Computer Vision
Enhancing Anomaly Detection in Noisy Images: Unleashing the Power of Attention-Aware PDE Constraint Feature Denoiser Module
Ranjeet Ranjan Jha, Andra Siva Sai Teja, Venkatesh Wadawadagi, Ravindra Babu Tallamraju
International Joint Conference on Neural Networks (IJCNN 2024)
June 30, 2024
Anomaly detection is needed in many applications, such as video surveillance, manufacturing defect detection, and medical image analysis. However, this poses a significant challenge as anomalies can exhibit diverse patterns. Furthermore, the scarcity of labelled anomaly (defective) images complicates the use of supervised classification approaches. To address this, alternative approaches such as unsupervised or self-supervised learning are explored, effectively overcoming challenges posed by limited labelled data. While several techniques exist, there is still significant room for improvement in overall detection results, especially in handling noisy images, which is a realistic dimension often overlooked in existing methods.

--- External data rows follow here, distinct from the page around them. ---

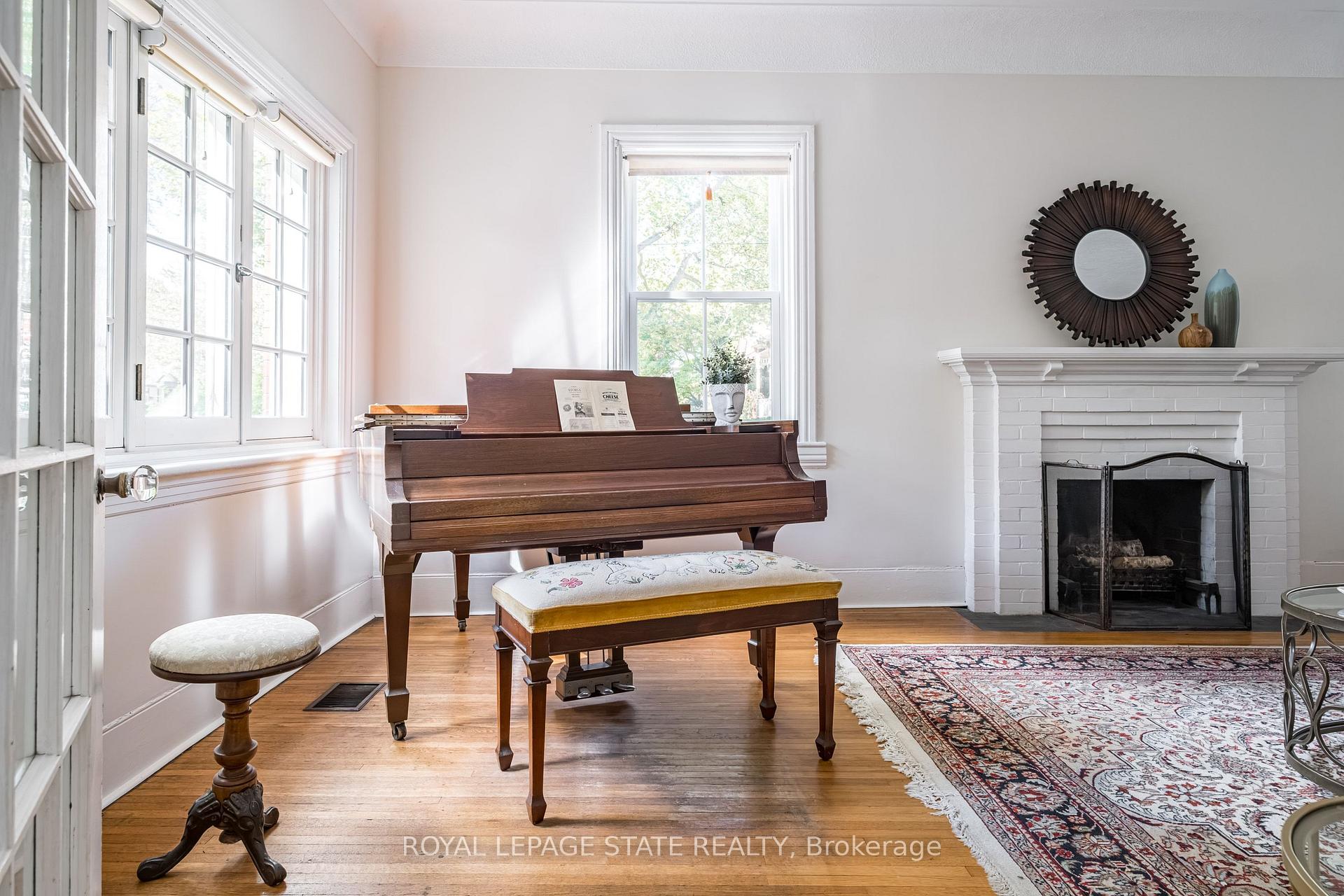 Photo 9 of 107 Melville Street, Hamilton, Dundas — HOMEH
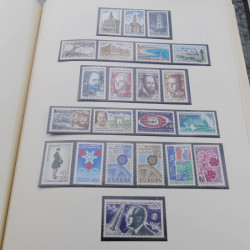 Collection timbres de France neufs 1946-1972 complet en album.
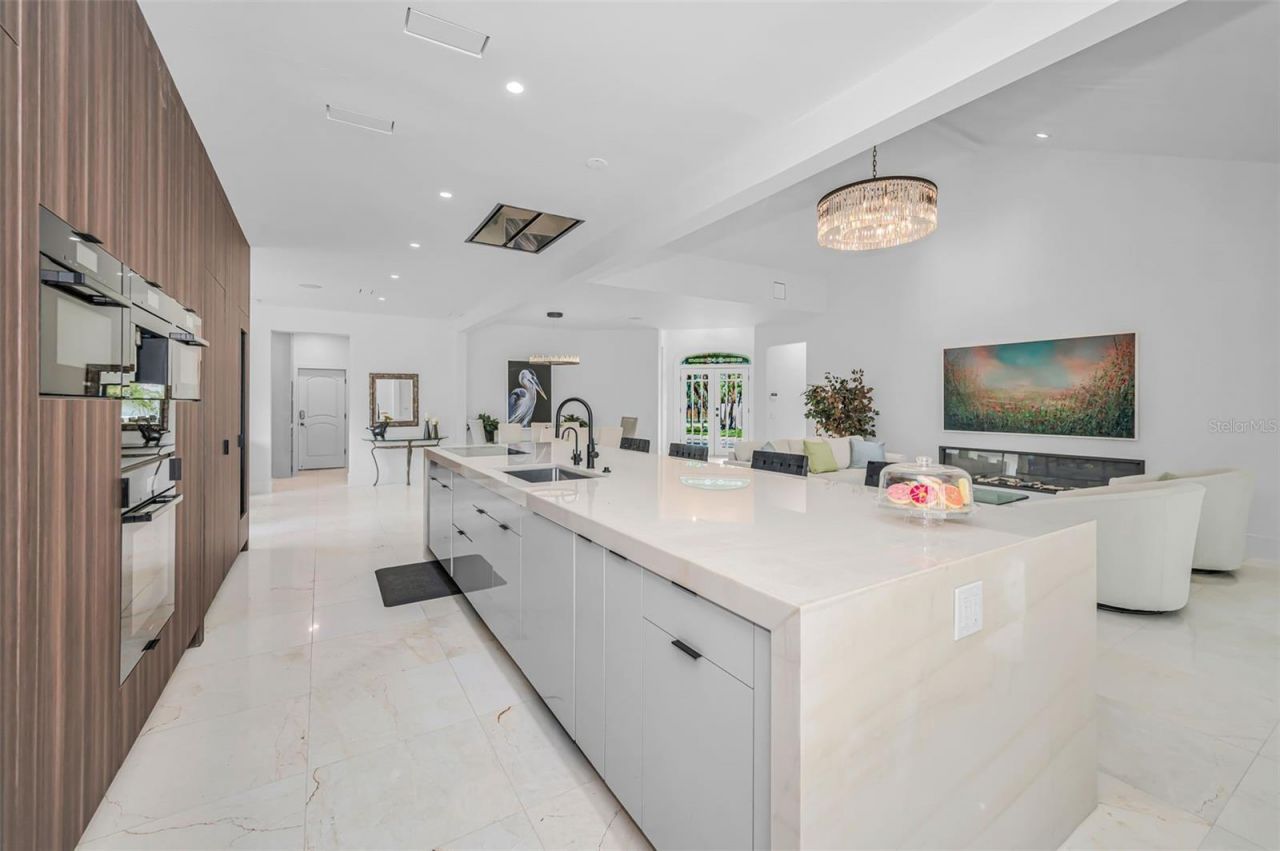 2521 Lake Ellen Drive, Tampa, FL 33618 Photo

Therefore, we have proposed a novel framework consisting of various modules, including the Attention-Aware PDE constraint Feature Denoiser Module, Teacher, Student, and Anomaly-Attenuator. Here, we have utilized the loss function in a novel manner, which improves overall performance and ensures consistency. Additionally, we train the network in such a way that a single model would work for multiple types of objects. Finally, we considered different datasets for testing and observed that our model provides superior results, outperforming existing state-of-the-art methods for noisy and clean images.